Transport After Dark
Every morning millions of city dwellers wake up unaware of the legions of hard-working citizens that keep our cities moving, clean, safe, and maintained at night. For many of these workers that help make our cities hum while most of us are sleeping, their movement is far from seamless or easy , .
While some challenges are similar to those of their day time colleagues, many are amplified, such as the simple ability to get to and from work. These nightly mobility challenges come in the shape of time, money, safety, and access . All of which can have a significant impact on one’s quality of life. These challenges are magnified for those commuting in from the outer limits or outside of city limits. In many cases, lower-income workers find housing closer to their jobs financially out of reach, and more vulnerable populations, like women, often face increased safety risks.
For example, while many cities have made great strides in increasing public transportation frequency and capacity, they often fall short at night, providing little to no transit at critical times during night worker commutes. A missed train or bus connection or a route deviation for any unplanned need by a night-shift worker can massively impact the night commute. In short, a night-shift worker might spend significantly more time commuting on the same route as their daytime counterparts. Concurrently, for safety, the worker may have to pay for more expensive alternatives that avoid the risks of walking, cycling, and public transit .

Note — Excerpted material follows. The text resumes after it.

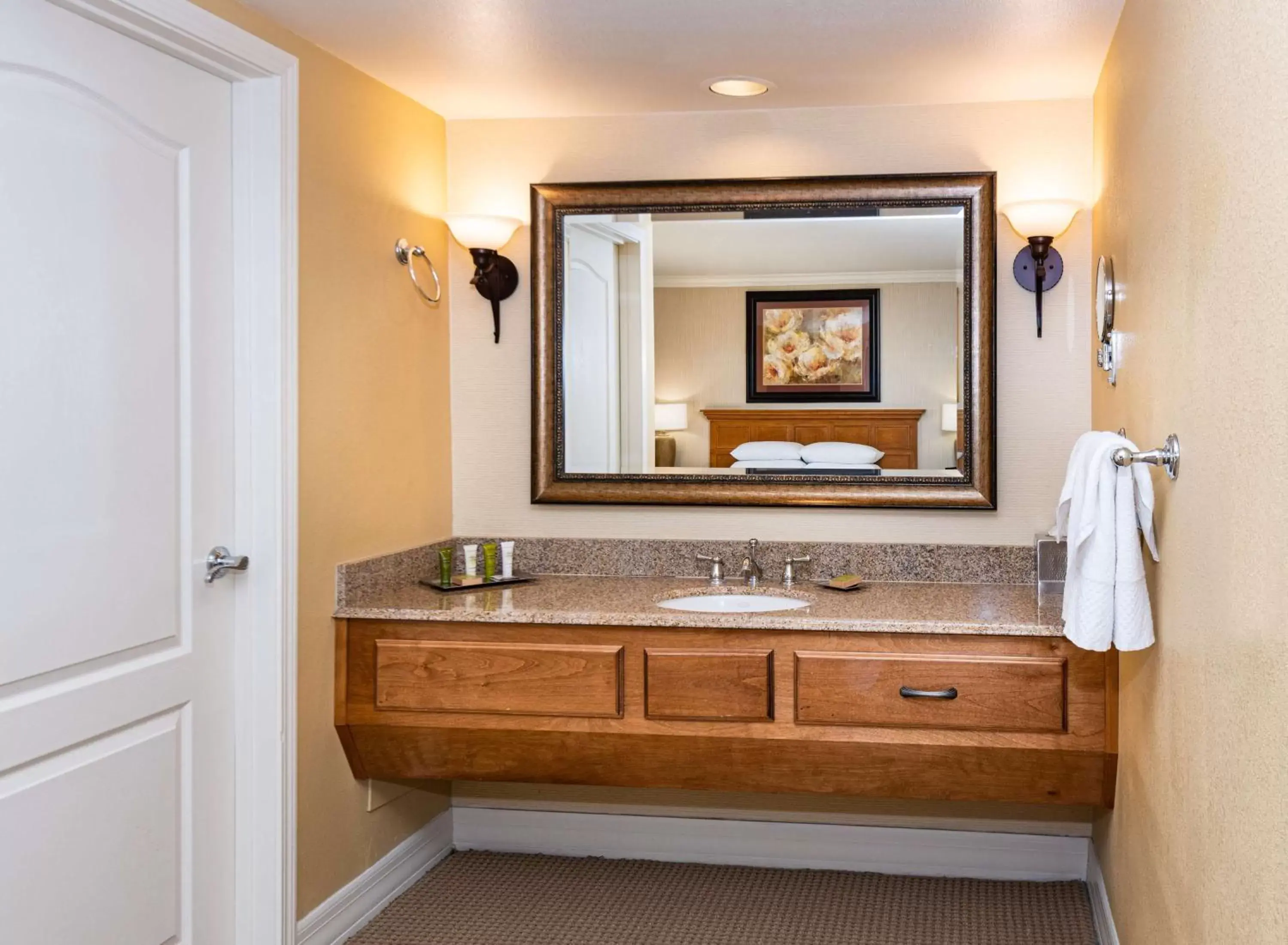 Bathroom in Hilton Phoenix Resort at the Peak - Formerly Pointe Hilton Squaw Peak Resort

Assuming there are options, workers still must navigate the oft-discussed first and last miles of the mobility equation. This travel could require walking through more dangerous or poorly lit areas making many of today’s micro-mobility solutions designed to address last mile issues less feasible. In a recent move, Atlanta put a curfew on scooters operating after dark prompted by recent fatalities involving scooters. Even if other cities don’t follow suit, poorly lit areas, and unkempt roads and sidewalks make many of these modes less safe at night .
To compensate for these time, access, and safety obstacles, many nightly commuters inevitably take more costly alternatives such as taxis or ride-hailing options. Similar to what has been labeled as the Pink Tax on Transportation in NYC by the Rudin Center for Transportation at New York University, night workers face similar challenges on cost. In some cases, night shift workers spend $20 or $30 more for the same trips than if they were to take them during peak hours.
These challenges are certainly not new, but in a golden age of new mobility we must put our heads together and reframe the problem explicitly to find solutions for those committed to keeping our cities running at night. What would it take to reimagine what public or employer-provided transportation looks like after dark? Should cities require more from new mobility operators such as on-demand shuttles, TNCs, and carshare to add less profitable or subsidized options during the night in exchange for higher capacity during the day? Can Transportation Management Associations, corporations, neighboring districts, and community groups engage in more economy of scale models? How would rethinking shared ownership of private vehicles play a meaningful role? What could we learn from cities like New York, Copenhagen, and Tokyo that already operate a more equitable mobility ecosystem at night in relation to the day?
As cities continue to undergo a resurgence, it is essential to consider in the upfront planning and design stages what is needed to keep the city, and more importantly, the people, safely moving long after the sun goes down.